State Services Commission (SSC) has the job of cutting back spending but has been unable to provide RNZ a breakdown of just what each agency is spending.
Ministry of Social Development (MSD) told RNZ it has chopped its contractor spending by more than half, from $33 million last year to just $17m this year.
This was "a genuine decrease", chief financial officer Bruce Simpson said in a statement.
But a few days later, after RNZ reported on Ministry of Business, Innovation and Employment (MBIE) and Inland Revenue's big spending, MSD came back.
It said if MSD adopted MBIE's approach, then its actual spending was $69m in 2018, not $17m; and $94m in 2017, not $33m.
This shows MSD's spending dropped in the past year - but also that it is three times more than MSD had told the public.
This was prompted about a year ago by a media leak about MBIE's contractor spending, followed by the government's order for a cut back across all agencies.
The State Services Commission was put in charge of this clampdown in June. However, when RNZ asked the commission to provide accurate figures on each department's spending on contractors it did not have them.
"We have developed guidance to improve the quality of reporting on contractors and consultants to Select Committee," commissioner Peter Hughes said in a statement.

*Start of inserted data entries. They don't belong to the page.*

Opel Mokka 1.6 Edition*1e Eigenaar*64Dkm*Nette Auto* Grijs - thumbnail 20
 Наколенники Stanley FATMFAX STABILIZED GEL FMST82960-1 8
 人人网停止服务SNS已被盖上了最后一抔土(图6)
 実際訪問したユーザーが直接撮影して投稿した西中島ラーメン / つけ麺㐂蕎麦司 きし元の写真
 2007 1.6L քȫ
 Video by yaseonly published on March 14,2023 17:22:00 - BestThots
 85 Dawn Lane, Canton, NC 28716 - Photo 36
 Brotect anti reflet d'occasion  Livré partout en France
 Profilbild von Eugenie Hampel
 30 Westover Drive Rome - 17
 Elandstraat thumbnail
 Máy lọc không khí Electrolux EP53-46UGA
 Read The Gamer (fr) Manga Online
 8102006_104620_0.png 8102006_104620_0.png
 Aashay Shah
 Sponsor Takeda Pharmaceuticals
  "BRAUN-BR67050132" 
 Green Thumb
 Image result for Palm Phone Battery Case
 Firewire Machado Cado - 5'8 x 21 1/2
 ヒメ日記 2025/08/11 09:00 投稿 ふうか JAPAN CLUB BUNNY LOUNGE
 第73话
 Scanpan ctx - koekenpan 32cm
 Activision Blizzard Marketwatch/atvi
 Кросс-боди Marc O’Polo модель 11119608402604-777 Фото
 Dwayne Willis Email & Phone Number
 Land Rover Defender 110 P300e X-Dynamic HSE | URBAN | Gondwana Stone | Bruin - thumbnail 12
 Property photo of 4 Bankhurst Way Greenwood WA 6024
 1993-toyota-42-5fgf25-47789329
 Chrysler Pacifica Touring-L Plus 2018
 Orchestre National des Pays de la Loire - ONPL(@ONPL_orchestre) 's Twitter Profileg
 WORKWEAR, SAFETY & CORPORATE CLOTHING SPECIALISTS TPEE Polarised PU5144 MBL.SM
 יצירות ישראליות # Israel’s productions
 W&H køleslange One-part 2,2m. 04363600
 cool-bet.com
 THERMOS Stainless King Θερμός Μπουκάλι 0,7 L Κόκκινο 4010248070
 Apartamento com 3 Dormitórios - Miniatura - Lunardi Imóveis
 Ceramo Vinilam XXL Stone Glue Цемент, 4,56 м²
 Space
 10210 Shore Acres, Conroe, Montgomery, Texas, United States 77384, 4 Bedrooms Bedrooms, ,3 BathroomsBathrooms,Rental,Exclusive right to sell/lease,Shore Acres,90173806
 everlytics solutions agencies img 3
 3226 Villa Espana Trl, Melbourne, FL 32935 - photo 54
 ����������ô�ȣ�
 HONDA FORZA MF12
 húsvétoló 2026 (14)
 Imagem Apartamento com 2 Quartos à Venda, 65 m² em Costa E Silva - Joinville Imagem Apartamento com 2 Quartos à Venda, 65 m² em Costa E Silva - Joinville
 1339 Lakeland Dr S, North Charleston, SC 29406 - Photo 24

"This guidance has now been provided to agencies and will apply retrospectively to the 2017-18 annual review process, and will provide an accurate baseline with which to compare into the future.
"SSC will use the same information for reporting the system view to ministers."
The 2017-18 annual reviews will come out from now until March.
Figures show it will take a major U-turn for some departments to reduce this spending.
Several departments spent 35 to 50 percent more on consultants this year than last - education, defence, and transport among them.
The biggest such spender, Inland Revenue, intends paying out another $180m next year (after a threefold rise in three years), saying its billion-dollar IT overhaul demanded this.
The other big spender, MBIE, said it was trying to cut back.
The Ministry of Health forecasts a slight rise to $21.4m.
State Services Minister Chris Hipkins was talking about "steady downward pressure" from next year.
Minister for Education and Leader of the House Chris Hipkins. Photo: VNP / Daniela Maoate-Cox
Mr Hughes said he expected to see an "overall reduction" in spending on contractors and consultants next year.
"It is important to note that the aim is to reduce expenditure overall, not strictly by each agency individually.
"For example, Inland Revenue may well show an increase in capital expenditure for contractors and consultants this year due to its significant IT development programme.
Among the limited number of agencies surveyed by RNZ were the state sector's two finance watchdogs.
Treasury is forecasting a 47 percent jump in consultant spending to $10 million next year. The Reserve Bank paid consultants $3m last year, triple that of a few years ago. Its spend for 2018 was not available.